Xarray - brief introduction#
The Quantify dataset is based on Xarray. This subsection is a very brief overview of some concepts and functionalities of xarray. Here we use only pure xarray concepts and terminology.
This is not intended as an extensive introduction to xarray. Please consult the xarray documentation if you never used it before (it has very neat features!).
Show code cell content
import numpy as np
import xarray as xr
from rich import pretty
pretty.install()
There are different ways to create a new xarray dataset. Below we exemplify a few of them to showcase specific functionalities.

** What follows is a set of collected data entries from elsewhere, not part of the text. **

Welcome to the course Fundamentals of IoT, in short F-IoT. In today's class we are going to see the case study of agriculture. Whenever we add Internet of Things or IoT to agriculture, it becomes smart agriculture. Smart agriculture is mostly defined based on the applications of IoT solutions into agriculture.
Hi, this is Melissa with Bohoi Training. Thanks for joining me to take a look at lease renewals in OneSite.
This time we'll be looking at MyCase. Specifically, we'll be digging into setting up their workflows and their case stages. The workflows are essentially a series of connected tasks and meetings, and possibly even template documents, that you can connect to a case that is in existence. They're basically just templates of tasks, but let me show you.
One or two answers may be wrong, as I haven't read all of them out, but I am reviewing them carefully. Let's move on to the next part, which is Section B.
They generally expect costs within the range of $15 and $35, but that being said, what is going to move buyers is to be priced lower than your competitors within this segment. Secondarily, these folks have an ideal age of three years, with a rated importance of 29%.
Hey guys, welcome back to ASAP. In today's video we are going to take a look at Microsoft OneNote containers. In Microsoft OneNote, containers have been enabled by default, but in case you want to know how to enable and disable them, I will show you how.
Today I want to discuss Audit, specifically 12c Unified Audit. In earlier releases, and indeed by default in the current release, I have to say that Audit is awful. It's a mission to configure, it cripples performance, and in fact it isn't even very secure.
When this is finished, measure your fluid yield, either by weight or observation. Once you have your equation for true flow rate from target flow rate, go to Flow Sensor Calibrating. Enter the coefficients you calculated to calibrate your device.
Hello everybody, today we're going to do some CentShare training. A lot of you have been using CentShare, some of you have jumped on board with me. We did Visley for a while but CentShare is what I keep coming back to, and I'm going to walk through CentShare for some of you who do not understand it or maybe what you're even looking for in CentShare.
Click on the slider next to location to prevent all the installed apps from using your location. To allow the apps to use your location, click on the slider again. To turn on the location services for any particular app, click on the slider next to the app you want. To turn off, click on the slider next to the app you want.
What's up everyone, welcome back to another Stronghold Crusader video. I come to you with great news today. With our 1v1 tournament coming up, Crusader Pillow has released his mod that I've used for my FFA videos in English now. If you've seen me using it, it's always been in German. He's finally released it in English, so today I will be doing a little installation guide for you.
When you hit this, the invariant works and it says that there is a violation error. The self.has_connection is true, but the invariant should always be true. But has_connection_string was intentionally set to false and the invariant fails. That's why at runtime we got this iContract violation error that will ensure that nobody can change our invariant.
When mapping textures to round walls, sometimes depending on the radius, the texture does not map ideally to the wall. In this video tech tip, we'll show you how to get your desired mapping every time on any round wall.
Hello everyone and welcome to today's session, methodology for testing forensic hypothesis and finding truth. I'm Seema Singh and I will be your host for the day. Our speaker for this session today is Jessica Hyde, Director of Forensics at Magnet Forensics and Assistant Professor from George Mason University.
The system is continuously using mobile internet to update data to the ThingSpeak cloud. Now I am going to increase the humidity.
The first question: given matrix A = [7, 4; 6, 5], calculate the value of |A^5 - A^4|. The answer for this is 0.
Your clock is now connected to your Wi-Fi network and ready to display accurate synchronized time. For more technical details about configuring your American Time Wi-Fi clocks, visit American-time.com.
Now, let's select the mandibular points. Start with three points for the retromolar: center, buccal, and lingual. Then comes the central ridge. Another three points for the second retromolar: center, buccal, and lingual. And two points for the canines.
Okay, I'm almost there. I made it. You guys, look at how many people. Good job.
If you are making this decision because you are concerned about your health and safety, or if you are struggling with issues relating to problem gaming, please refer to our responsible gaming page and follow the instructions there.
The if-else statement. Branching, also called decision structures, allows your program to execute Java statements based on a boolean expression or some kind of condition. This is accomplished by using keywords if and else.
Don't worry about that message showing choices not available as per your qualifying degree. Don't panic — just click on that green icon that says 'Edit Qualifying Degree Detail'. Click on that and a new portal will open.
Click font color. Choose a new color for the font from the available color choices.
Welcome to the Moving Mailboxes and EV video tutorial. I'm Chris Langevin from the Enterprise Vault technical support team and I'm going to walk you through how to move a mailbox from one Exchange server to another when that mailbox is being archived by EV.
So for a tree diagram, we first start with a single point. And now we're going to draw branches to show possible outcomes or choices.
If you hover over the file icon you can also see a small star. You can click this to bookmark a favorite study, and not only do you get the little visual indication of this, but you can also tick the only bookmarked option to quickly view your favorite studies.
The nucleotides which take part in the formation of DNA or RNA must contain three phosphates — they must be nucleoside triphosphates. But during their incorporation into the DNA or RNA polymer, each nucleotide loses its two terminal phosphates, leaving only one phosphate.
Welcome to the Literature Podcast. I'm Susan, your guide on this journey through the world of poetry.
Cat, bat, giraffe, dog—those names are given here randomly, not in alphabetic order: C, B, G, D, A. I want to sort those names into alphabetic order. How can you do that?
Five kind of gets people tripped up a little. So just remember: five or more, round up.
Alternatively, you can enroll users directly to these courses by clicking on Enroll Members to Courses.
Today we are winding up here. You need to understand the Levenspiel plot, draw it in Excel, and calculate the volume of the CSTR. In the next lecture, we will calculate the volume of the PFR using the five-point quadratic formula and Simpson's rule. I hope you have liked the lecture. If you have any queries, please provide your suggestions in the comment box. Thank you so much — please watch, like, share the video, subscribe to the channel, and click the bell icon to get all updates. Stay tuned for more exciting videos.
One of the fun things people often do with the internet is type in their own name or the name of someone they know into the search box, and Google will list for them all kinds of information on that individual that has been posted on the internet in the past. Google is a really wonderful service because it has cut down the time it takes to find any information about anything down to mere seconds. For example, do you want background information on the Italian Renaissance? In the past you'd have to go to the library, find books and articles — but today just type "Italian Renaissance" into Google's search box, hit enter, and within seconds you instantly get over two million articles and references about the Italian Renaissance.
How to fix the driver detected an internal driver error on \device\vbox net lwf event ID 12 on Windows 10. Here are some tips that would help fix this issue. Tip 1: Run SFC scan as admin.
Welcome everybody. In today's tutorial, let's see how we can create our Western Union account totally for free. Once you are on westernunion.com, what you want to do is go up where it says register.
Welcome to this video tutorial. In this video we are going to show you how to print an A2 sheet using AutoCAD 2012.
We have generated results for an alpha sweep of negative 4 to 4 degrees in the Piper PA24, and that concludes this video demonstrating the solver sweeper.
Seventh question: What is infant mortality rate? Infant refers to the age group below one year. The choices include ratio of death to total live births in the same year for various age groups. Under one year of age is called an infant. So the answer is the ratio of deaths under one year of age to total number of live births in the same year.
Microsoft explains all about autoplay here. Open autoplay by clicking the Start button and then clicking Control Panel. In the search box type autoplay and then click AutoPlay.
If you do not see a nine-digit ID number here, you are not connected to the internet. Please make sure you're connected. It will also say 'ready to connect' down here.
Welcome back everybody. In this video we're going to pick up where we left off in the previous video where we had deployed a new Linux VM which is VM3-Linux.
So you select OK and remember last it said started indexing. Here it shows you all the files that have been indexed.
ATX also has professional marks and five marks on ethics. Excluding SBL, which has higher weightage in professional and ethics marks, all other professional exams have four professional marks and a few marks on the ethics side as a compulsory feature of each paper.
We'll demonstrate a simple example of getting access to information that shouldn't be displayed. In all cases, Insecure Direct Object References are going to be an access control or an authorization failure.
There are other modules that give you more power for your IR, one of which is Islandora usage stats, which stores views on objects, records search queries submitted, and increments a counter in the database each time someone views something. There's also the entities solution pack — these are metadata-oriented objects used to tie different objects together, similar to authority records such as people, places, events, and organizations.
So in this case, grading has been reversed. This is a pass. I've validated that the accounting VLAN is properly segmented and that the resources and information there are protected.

An xarray dataset has Dimensions and Variables. Variables “lie” along at least one dimension:
n = 5
values_pos = np.linspace(-5, 5, n)
dimensions_pos = ("position_x",)
# the "unit" and "long_name" are a convention for automatic plotting
attrs_pos = dict(unit="m", long_name="Position") # attributes of this data variable
values_vel = np.linspace(0, 10, n)
dimensions_vel = ("velocity_x",)
attrs_vel = dict(unit="m/s", long_name="Velocity")
data_vars = dict(
position=(dimensions_pos, values_pos, attrs_pos),
velocity=(dimensions_vel, values_vel, attrs_vel),
)
dataset_attrs = dict(my_attribute_name="some meta information")
dataset = xr.Dataset(
data_vars=data_vars,
attrs=dataset_attrs,
) # dataset attributes
dataset
<xarray.Dataset> Size: 80B Dimensions: (position_x: 5, velocity_x: 5) Dimensions without coordinates: position_x, velocity_x Data variables: position (position_x) float64 40B -5.0 -2.5 0.0 2.5 5.0 velocity (velocity_x) float64 40B 0.0 2.5 5.0 7.5 10.0 Attributes: my_attribute_name: some meta information
dataset.dims
FrozenMappingWarningOnValuesAccess({'position_x': 5, 'velocity_x': 5})
dataset.variables
Frozen({'position': <xarray.Variable (position_x: 5)> Size: 40B
array([-5. , -2.5, 0. , 2.5, 5. ])
Attributes:
unit: m
long_name: Position, 'velocity': <xarray.Variable (velocity_x: 5)> Size: 40B
array([ 0. , 2.5, 5. , 7.5, 10. ])
Attributes:
unit: m/s
long_name: Velocity})
A variable can be “promoted” to (or defined as) a Coordinate for its dimension(s):
values_vel = 1 + values_pos**2
data_vars = dict(
position=(dimensions_pos, values_pos, attrs_pos),
# now the velocity array "lies" along the same dimension as the position array
velocity=(dimensions_pos, values_vel, attrs_vel),
)
dataset = xr.Dataset(
data_vars=data_vars,
# NB We could set "position" as a coordinate directly when creating the dataset:
# coords=dict(position=(dimensions_pos, values_pos, attrs_pos)),
attrs=dataset_attrs,
)
# Promote the "position" variable to a coordinate:
# In general, most of the functions that modify the structure of the xarray dataset will
# return a new object, hence the assignment
dataset = dataset.set_coords(["position"])
dataset
<xarray.Dataset> Size: 80B Dimensions: (position_x: 5) Coordinates: position (position_x) float64 40B -5.0 -2.5 0.0 2.5 5.0 Dimensions without coordinates: position_x Data variables: velocity (position_x) float64 40B 26.0 7.25 1.0 7.25 26.0 Attributes: my_attribute_name: some meta information
dataset.coords["position"]
<xarray.DataArray 'position' (position_x: 5)> Size: 40B array([-5. , -2.5, 0. , 2.5, 5. ]) Coordinates: position (position_x) float64 40B -5.0 -2.5 0.0 2.5 5.0 Dimensions without coordinates: position_x Attributes: unit: m long_name: Position
Note that the xarray coordinates are available as variables as well:
dataset.variables["position"]
<xarray.Variable (position_x: 5)> Size: 40B array([-5. , -2.5, 0. , 2.5, 5. ]) Attributes: unit: m long_name: Position
Which, on its own, might not be very useful yet, however, xarray coordinates can be set
to index other variables (to_gridded_dataset()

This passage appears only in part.